I invited him for a meal, cooking Turkish food for him. He ate it, criticiz­ing me because it was not salted enough, and so on. But he ate it with relish and drank sweet Turkish coffee. Then he told me the story of his father, who had died at the age of 36 because he felt that he was the constant target of insults. When the German star found out that I had cooked for the Turk, he wanted to make a date with me. Having arranged to meet me at 11 o’clock at night in a restaurant, he turned up two hours late. He laughed, saying, “Oh, you’ve been waiting for me.”

One day, an actress who was playing a Turkish woman appeared at re­hearsals wearing a head scarf. I asked her why. A German actor had told her that she ought to thus demonstrate her commitment to being Turkish. On one occasion, the donkey hit the Turkish star in the back of his neck. He had been holding the donkey’s head fairly tightly under his arm, as if to show that the animal was a friend that he was joking with. The German stage designer threw himself onto the donkey to make it release its hold on the star’s neck. We then took him to the hospital, where he received a rabies vaccination. One of the Turkish stars said, “A Turkish donkey would never do a thing like that.” (The donkey was from Frankfurt.) A German star replied, “I get on very well with the donkey. He’d never do anything like that to me.” But then the donkey kicked him, too. He came to me and said, “I’m going to have a word with the donkey.”

During rehearsals, the father, mother, and grandmother of the Greek opera singer all died, as did the 100-year-old aunt of one of the German stars. We thus reached the premiere with several deaths in the cast, not to mention those wounded by the donkey.

I wanted to invite the worker whose letter had prompted me to write the play to the premiere. But he, too, had died—of a heart attack, at age 41, in his home village, sitting on a chair outside his shop.

The theater manager was a nice man who loved his work. When one of the actresses had to speak the lines “Me stay behind / My husband stay Ger­many / Fuck German woman.” He said: “Please don’t speak that word; oth­erwise, the Germans will all think that Turkish poetry consists of such ex­pressions.”

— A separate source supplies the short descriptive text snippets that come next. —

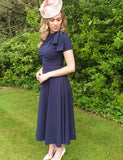 Kate Bow shoulder tea length navy dress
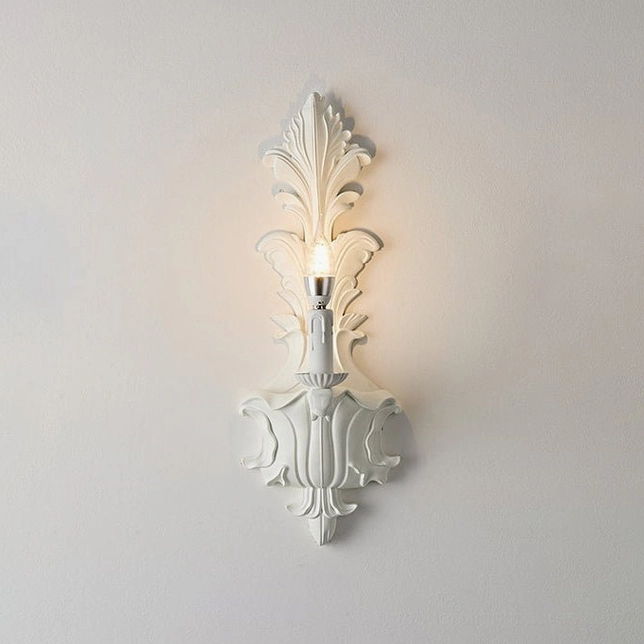 One-light carved acanthus wall sconce in matte white, compact size for hallways and powder rooms
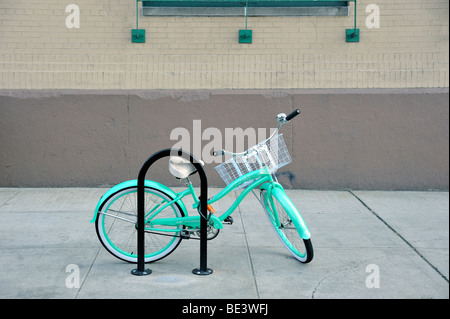 A women's turquoise green open frame Beach Cruiser style bicycle with a basket on the handlebars, locked to a bicycle stand in New York City Stock Photo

As a result, when it came to the dress rehearsal, the actress spoke the lines “My husband stay Germany / Fuck German woman.”

Before the premiere, the theater, out of love for the play and without ask­ing my permission in advance, had leaflets distributed among the audience, in which it attempted to explain the work. “In the course of the play, you will occasionally wonder, Where are we now? Are we in Turkey, or are we in Ger­many?. . . It may well be that you will have problems ordering the scenes in your mind. They are not logically structured as in the plays we are familiar with. ...”

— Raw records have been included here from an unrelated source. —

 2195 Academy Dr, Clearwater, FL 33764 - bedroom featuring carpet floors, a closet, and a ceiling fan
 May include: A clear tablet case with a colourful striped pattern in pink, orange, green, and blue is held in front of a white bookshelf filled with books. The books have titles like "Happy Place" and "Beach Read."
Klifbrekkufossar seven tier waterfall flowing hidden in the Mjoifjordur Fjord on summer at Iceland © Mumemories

That was six years ago. I still meet with actors who were involved, or they ring me up. Then they talk about the others:

—She’s got a child now, did you know?

—I met him in Berlin.

—Just now, she’s singing at La Scala in Milan.

—Have you heard anything of him?

—Winter is on the way. I wonder whether she’ll put on her long coat again?

They pursue one another like lovers.

Source of German original text: Emine Sevgi Özdamar, “Schwarzauge und sein Esel,“ Die Zeit, 26. Februar 1993, in Deniz Göktürk, David Gramling, Anton Kaes und Andreas Langenohl, Hrsg., Transit Deutschland. Debatten zu Nation und Migration, München: Konstanz University Press, 2011, S. 577-578, pp. 582-585.

Source of English translation: Deniz Göktürk, David Gramling, and Anton Kaes, eds., Germany in Transit. Nation and Migration 1955-2005. Berkeley: University of California Press, 2007, pp. 398-402.